We all know of people that are constantly complaining about not being able to save any money. Are you one of those?
” People are always faster in finding an excuse rather than taking action… “
The general rule of thumb is that most of the people in the group above do not have any sort of plan, process or whatsoever when discussing savings. As with most things in life, we have to start with a plan.
Below are the top 3 actions I started doing every single month, to save more money and achieve a savings rate of at least 40% of my income.
Action #1 — Tracking Expenses
One of the first steps of taking control of our financial life is to know exactly how much we spend and on what. That means tracking all our expenses, from our rent/mortgage to the daily morning coffee. I normally categorize those expenses and give them priorities.
Paying the rent or our mortgage is usually one of the top priorities and in most of the cases is not a flexible expense. Therefore, we need to make sure top priority expenses are paid first.
If we are spending every penny we earn, we have to understand where can we cut back. Tracking our expenses will allow us to do exactly that. Starting off from the lowest priority, what are the things that we can reduce or even eliminate?
Let’s take an example…
If we are spending too much on fuel, do we have the chance to take public transportation once in a while? Will that cut 20% of our monthly spending? This is just an example of a compromise.
“ In order to get something more, we need to let go of something else. ”
Action #2 — Set a Budget
Setting a budget will help us to have a ceiling or a hard limit. I think of it as the finish line of a race. The goal is to get there and stop!

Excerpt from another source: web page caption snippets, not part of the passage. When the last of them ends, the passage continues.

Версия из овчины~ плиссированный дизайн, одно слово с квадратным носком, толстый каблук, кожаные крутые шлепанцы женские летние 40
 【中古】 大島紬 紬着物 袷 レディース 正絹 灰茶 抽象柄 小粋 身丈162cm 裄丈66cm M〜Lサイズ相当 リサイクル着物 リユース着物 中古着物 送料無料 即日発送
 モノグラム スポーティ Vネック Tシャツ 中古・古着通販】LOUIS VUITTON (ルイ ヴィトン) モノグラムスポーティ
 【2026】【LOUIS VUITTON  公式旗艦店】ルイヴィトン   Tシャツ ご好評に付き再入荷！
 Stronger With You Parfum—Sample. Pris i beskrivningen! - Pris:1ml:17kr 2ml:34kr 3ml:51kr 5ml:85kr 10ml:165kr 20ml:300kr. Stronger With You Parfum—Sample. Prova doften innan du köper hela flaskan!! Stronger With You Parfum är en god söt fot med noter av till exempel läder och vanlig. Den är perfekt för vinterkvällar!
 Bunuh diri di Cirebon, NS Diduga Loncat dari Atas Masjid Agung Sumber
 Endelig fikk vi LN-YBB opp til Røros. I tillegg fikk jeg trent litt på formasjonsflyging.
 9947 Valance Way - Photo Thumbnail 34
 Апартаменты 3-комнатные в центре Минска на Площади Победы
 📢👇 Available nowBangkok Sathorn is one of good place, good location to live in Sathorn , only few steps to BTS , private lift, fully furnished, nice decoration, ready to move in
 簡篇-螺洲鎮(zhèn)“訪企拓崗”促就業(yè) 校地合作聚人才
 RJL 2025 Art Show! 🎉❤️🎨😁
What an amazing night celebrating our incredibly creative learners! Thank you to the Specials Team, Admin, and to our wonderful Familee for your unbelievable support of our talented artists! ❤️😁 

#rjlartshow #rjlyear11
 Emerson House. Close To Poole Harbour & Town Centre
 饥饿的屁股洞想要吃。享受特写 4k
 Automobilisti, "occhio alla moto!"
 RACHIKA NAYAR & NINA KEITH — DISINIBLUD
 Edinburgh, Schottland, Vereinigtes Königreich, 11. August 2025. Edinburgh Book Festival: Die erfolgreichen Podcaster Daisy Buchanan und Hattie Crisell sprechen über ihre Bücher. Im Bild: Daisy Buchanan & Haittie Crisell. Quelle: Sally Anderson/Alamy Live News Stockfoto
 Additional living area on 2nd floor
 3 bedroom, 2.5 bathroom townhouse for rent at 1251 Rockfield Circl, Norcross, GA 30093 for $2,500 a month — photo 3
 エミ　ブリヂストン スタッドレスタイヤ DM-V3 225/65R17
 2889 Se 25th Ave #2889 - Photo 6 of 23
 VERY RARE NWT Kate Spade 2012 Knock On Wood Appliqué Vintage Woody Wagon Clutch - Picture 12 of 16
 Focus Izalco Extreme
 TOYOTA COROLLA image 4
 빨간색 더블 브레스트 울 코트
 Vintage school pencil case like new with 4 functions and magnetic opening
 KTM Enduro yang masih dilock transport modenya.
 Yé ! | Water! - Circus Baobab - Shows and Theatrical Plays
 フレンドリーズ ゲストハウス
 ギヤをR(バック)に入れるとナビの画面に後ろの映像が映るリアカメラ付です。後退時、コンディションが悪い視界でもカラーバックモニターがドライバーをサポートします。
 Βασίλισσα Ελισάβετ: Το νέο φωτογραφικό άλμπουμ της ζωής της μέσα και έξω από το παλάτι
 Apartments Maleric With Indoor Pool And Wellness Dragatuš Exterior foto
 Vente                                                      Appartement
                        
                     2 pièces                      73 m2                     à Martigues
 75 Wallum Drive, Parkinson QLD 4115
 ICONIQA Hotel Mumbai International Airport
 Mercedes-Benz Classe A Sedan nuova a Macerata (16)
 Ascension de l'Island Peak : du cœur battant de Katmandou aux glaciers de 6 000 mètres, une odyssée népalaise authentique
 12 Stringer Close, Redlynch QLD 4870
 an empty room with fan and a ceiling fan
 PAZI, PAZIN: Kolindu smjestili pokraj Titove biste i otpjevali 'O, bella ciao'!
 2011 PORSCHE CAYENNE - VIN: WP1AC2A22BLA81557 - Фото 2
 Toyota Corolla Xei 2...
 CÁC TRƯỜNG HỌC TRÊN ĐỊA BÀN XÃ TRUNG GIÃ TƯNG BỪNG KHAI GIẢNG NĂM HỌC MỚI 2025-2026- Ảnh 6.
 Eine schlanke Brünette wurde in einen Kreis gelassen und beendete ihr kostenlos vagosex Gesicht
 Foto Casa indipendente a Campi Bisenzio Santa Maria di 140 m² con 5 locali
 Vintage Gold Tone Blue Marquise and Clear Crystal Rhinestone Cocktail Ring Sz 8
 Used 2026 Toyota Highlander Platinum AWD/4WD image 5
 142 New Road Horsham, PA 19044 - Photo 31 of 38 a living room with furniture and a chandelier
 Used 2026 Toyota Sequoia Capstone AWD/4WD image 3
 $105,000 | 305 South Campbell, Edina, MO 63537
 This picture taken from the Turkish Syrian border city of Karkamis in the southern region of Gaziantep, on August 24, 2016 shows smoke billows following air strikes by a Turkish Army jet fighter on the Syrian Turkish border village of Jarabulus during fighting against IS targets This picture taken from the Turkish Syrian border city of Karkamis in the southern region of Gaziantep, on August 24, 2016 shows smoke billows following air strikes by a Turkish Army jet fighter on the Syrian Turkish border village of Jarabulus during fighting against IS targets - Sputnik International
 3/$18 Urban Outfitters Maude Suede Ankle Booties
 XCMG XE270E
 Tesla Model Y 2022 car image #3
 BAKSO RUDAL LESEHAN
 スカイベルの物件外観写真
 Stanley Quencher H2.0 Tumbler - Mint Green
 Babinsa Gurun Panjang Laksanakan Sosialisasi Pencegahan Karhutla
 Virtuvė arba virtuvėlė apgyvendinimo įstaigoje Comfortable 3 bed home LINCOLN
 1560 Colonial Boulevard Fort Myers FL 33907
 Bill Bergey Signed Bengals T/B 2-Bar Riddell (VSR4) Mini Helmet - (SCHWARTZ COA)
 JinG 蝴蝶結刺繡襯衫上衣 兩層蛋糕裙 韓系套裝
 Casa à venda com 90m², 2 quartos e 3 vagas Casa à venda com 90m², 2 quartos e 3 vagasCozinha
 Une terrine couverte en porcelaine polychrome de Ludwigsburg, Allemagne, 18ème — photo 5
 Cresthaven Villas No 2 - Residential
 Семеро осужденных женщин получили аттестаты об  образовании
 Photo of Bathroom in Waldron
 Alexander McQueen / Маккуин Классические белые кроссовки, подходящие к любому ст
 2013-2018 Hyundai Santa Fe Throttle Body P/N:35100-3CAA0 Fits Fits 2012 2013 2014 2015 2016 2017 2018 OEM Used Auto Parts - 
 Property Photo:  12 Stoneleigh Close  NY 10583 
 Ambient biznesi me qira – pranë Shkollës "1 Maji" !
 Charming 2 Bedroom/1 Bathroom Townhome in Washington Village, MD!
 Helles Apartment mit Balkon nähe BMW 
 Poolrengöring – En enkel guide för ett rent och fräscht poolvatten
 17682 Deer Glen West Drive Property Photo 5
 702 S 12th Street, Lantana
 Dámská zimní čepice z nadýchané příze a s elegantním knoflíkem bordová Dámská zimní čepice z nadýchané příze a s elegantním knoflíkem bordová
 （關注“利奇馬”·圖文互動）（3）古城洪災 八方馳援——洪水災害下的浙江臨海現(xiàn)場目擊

If we already started with Action #1, our budget should be easy to compute and be enough to cover our monthly expenses plus any other unexpected expenses such as annual insurance or a car maintenance.
How much extra should I add on top of my expenses?
There is no right or wrong amount here. I started with a generic value of an extra 20% more than my fixed expenses and evaluated how it worked. It could have been 10% or even 5%.
Month after month, we will be able to compute an average and check on what we have spent the extra.
“ First, we start the process then we improve it. “
Action #3 — Set a Goal
Setting a goal is key to visualize where you want to be. When you take the car for a trip, you have a destination in mind. This will allow you to decide on the best route, plan any stops, etc.
The same goes for a savings goal. This goal should be included in your budget!
From my experience, I had better success and motivation by starting with a realistic goal. If I had set to myself a goal of saving 80% of my income, I knew from the start that it would be impossible to reach, with my current income.
Then is much easier to take baby steps…
My first realistic goal was about 10% of my income. This was basically what was generally left in my bank account when I got my first job without any budgeting at all. Then I know it would be easy to reach.
From there, you keep on increasing your goal and improving that budget. Today on average I am able to save more than 40% of my income. Some months more, some months less. That is intrinsic to variable expenses!
I am still able to travel and enjoy life, by including the non-mandatory aspects of my life into my budget. The few months on which I do not go out so often or cannot travel, I am able to save even more.